In 2001, Hamlin released Angel Baby Revisited, which features original recordings and other performances, as well as a Spanglish version of "Angel Baby," which featured lyrics that alternate between English and Spanish. She would perform revival shows in 2002, including performances at Madison Square Garden, before formally retiring from performing due to advanced fibromyalgia.

==Personal life==
Hamlin formally retired from the music industry in 1963 after her marriage to Originals guitarist Noah Tafolla. The couple had two children, Joey and Deborah (b. 1964) and would eventually divorce.Noah Tafolla died on September 9, 2019, aged 76. Hamlin had another child named John many years later.

==Death==
Hamlin died in her sleep of undisclosed causes on March 30, 2017, at her home in New Mexico. Her family confirmed she had suffered health problems in the course of her later life which prevented her from performing live.

==Legacy==
Hamlin's track "Angel Baby" was cited by John Lennon as one of his favorite songs, and he covered the track in 1975. She was the first Latina to be honored by the Rock and Roll Hall of Fame, on their Wall of One-Hit Wonders.
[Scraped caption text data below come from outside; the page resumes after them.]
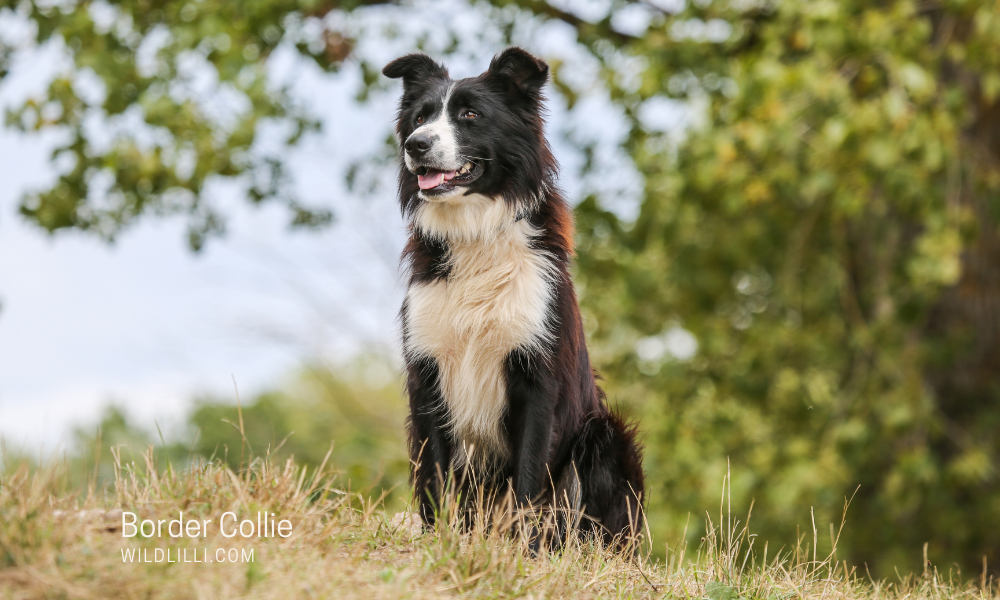 Border Collie: Personality, Traits & Ideal Owners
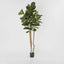 1.8M Fiddle Leave Tree With 94 Leaves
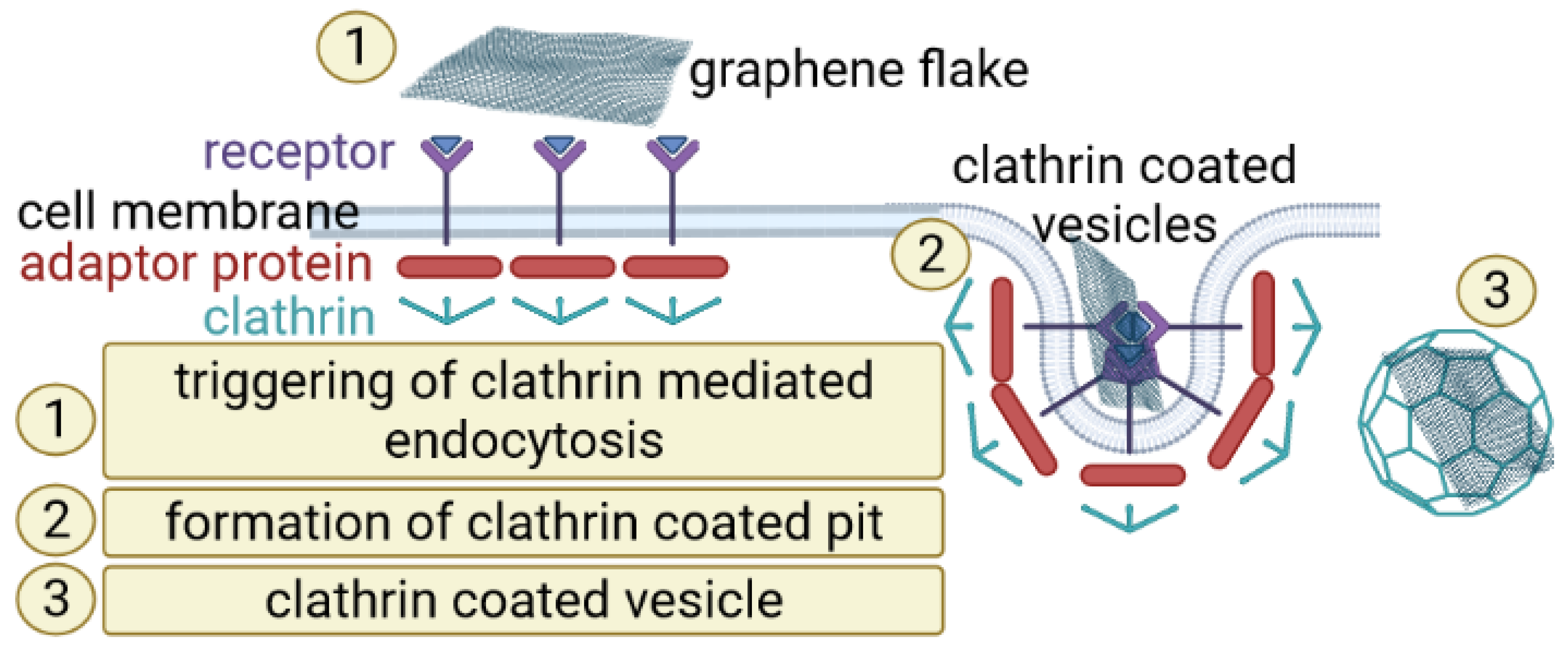 Materials 15 03456 g002 550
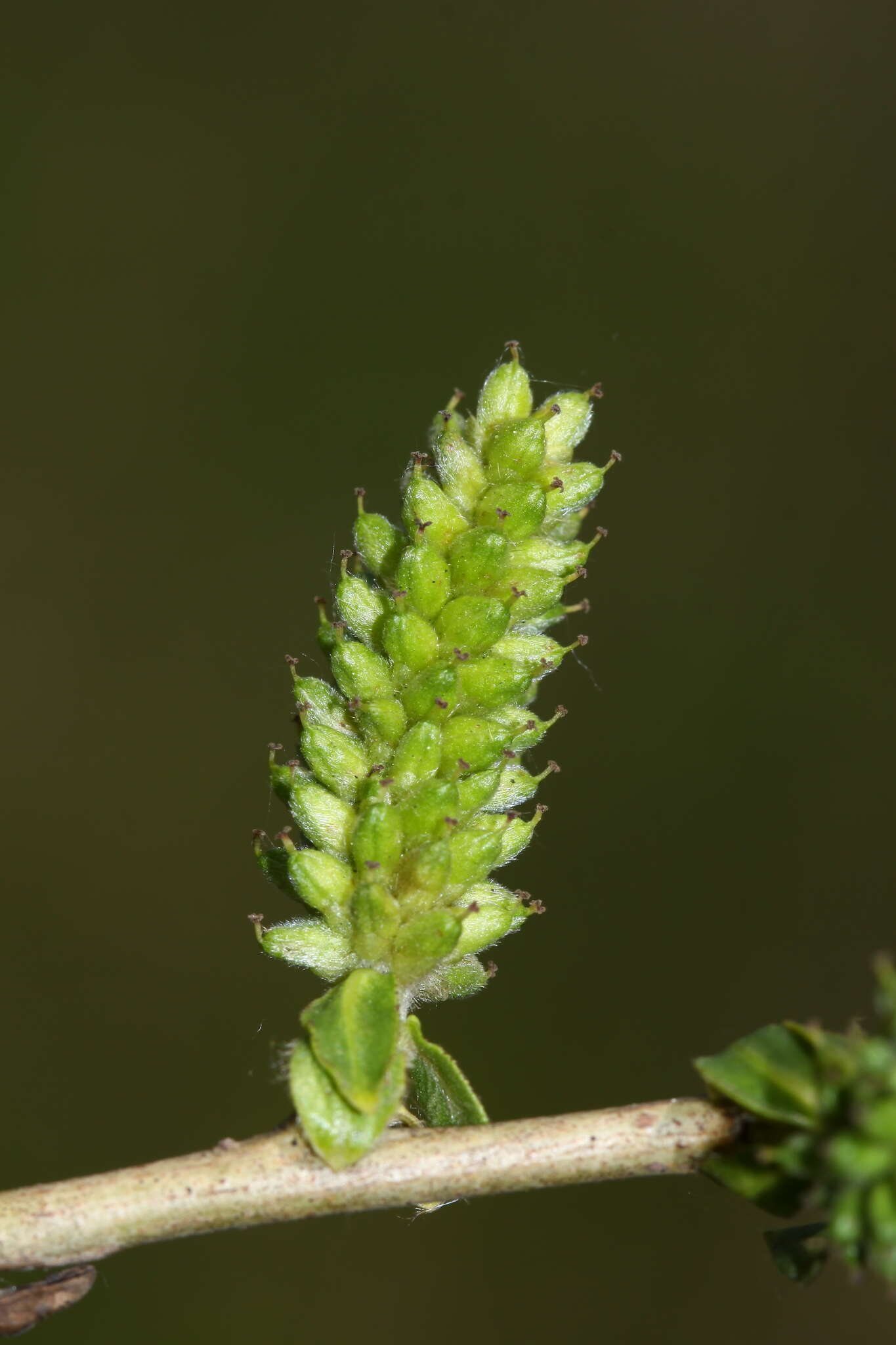 Image of Salix pierotii Miq.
In July 2007, a concert honoring Hamlin was held at the Pearson Park Amphitheater in Anaheim, California.

In November 2025, cleaned up stereo mixes of "Angel Baby" and "Lonely Blue Nights" were released for the first time in stereo and included on the 2025 compilation titled Rosie Forever!.Both were released as part of a new 2025 compilation album titled Rosie Forever!.In June 2026, weeks prior to what would have been Hamlin's eighty-first birthday, Hamlin's estate released a brand new stereo mixes of "Angel Baby" and "My Darling Forever".